Si anak yang bernama Ramaya inilah nantinya yang pada tahun 1926 tampil sebagai pemimpin pemberontakan bersejarah yang terkenal dengan “Pemberontakan Kamang 1926”. Semetnara itu Kari Mudo sebagai pelopor generasi muda, juga tidak tinggal diam. Secara berturut-turut dalam waktu berjarak lama, dia mengadakan pertemuan-pertemuan dengan pemuka masyarakat Kamang, termasuk Laras Garang Dt. Palindih, Penghulu Kepala Dt. Siri Marajo, pemimpin perlawanan Dt.Rajo Penghulu, Dt.Mangkudun, St.Pamernan dan banyak lagi yang lain-lain, bahkan pernah dihadiri oleh J.Wstennenk sendiri. Dan pada kesempatan lain dia juga berusaha memenuhi Dt. Mudo di Payakumbuh, Syekh Koto Baru, Pado Kayo di Suayan untuk meminta petuah sekaligus penangkal untuk persiapan menghadapi perperangan yang diperkirakan tidak lama lagi. Akhirnya saat ituun tiba. Tetapi apa yang menajdi penyulut perang ini, terdapat berbagai versi yang agak berbeda. Oleh karena itu kita cenderung berpegang pada Buku Pemberontakan Pajak 1908 karangan Rusli Amran.

Hari Senin pagi tanggal 15 Juni 1908, sebagai hari perlawanan paling hebat di Sumatera Barat dalam menentang sistem blasting telah diawali ketika seorang warga masyarakat Magek datang ke kantor Laras Warido dengan maksud untuk membayar blasting. Dia langsung dihadang serombongan warga setempat dan diancam akan dibunuh kalau rencana itu diteruskan juga, karena perbuatan ini terang-terangan melanggar tekad bersama untuk menentang Belanda. Mengetahui duduk masalahnya, Laras Kenagarian Magek Warido sangat marah, namun tidak bisa berbuat apa-apa. Dia langsung berangkat ke Bukittinggi untuk melaporkan peristwia itu kepada J.Westennenk dn meminta supaya para pembangkang segera ditangkap. Hari itu juga melalui telepon, J.Westennenk menghubungi Gubernur Sumatera Barat Hecler untk mohon petunjuk mengenai tindakan yang harus diambil. Hanya sepatah kata yang dicetuskan Hecler sesuai dengan penggarisan Gubernur General Van Heutez yaitu, serbu! J.Westennenk lantas mengumpulkan 160 orang pasukan pilihan yang kemudian dibagi menjadi 3 kelompok.

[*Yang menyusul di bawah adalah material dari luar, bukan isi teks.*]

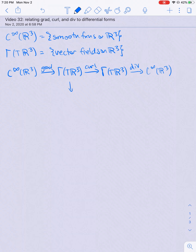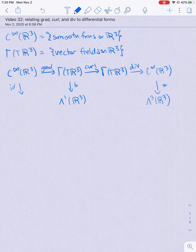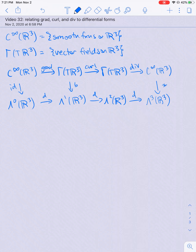We've also learned the musical isomorphisms. If I take a vector field, its flat is a one-form on R³. If I take a function — thinking of it as a zero-form — the Hodge star of a zero-form is a three-form on R³. Similarly, thinking of a function as a zero-form, I can take the identity map to get a zero-form on R³, and then take the exterior derivative to go from zero-forms to one-forms. To complete the diagram, I need a map filled in with Hodge star composed with flat, since the flat of a vector field is a one-form and the Hodge star of a one-form is a two-form.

Menjelang sore mereka segera bergerak dari Bukittinggi menuju Kamang dari tiga jurusan:

1. Pasukan pertama yang terdiri dari 30 orang, masuk dari Gadut terus menuju Pauh, dipimpin dua orang letnan yaitu Heine dan Cheriek.

2. Pasukan kedua, yang terdiri dari 80 orang serdadu dipimpin J.Westennenk bersama Kapten Lutsz, Letnan Leroux, Letnan Van Keulen, Dahler dan Aspiran Kontrolir Beeuwkes, masuk dari Tanjung Alam terus ke Tilatang.

3. Sedangkan pasukan ketiga yang berkekuatan 50 orang serdadu di bawah pimpinan Letnan Boldingh dan Letnan Schaap, masuk lewat Biaro dan terus menuju Salo.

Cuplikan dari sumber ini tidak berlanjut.